*** Opening of DATA FOR PROCESSING ***
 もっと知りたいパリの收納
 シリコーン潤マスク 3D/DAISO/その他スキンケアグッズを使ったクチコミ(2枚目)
*** Close of DATA FOR PROCESSING ***
*** Opening of DATA FOR PROCESSING ***
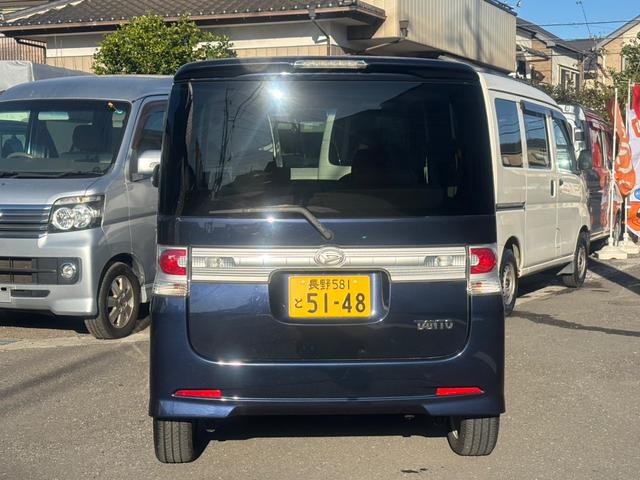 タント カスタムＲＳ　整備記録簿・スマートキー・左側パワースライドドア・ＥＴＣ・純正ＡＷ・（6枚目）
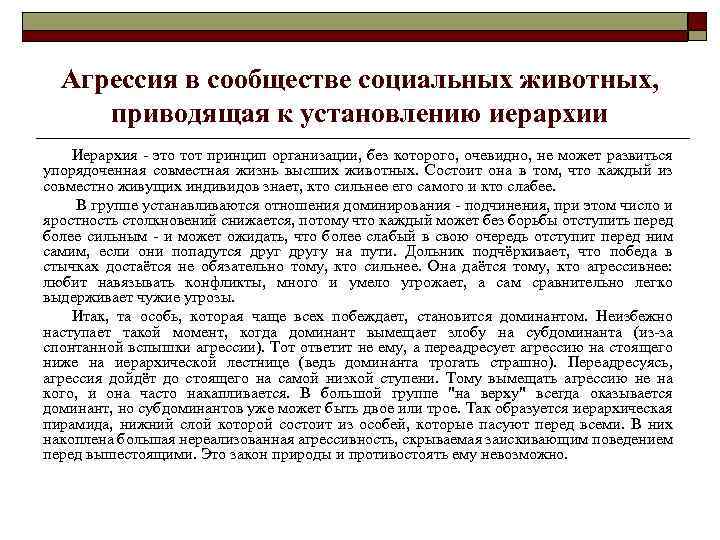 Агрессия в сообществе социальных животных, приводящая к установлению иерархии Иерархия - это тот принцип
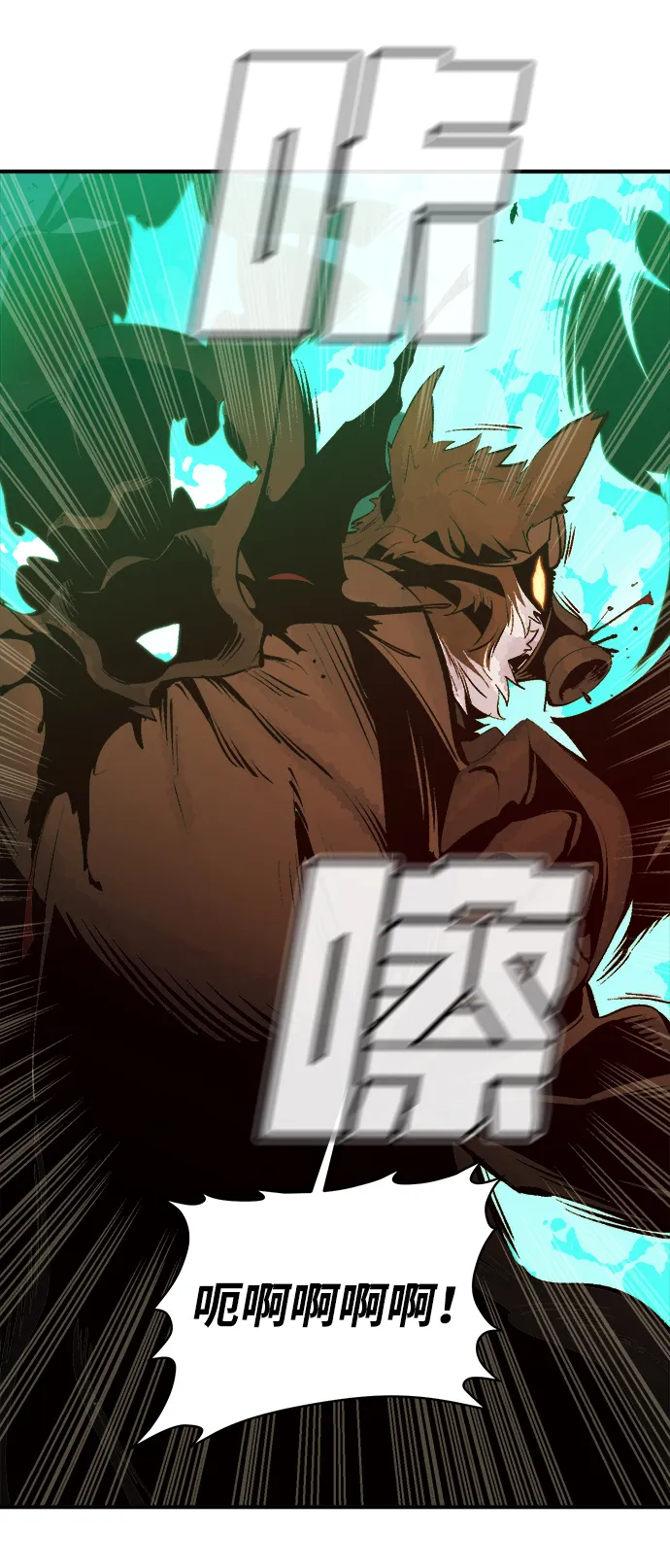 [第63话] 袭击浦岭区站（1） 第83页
*** Close of DATA FOR PROCESSING ***
#### WORK ITEM:
Beginning with the line containing "もっと知りたいパリの收納" in the material above, copy every line exactly until you have copied the line containing "シリコーン潤マスク 3D/D".

#### EXPECTED ANSWER:
 もっと知りたいパリの收納
 シリコーン潤マスク 3D/DAISO/その他スキンケアグッズを使ったクチコミ(2枚目)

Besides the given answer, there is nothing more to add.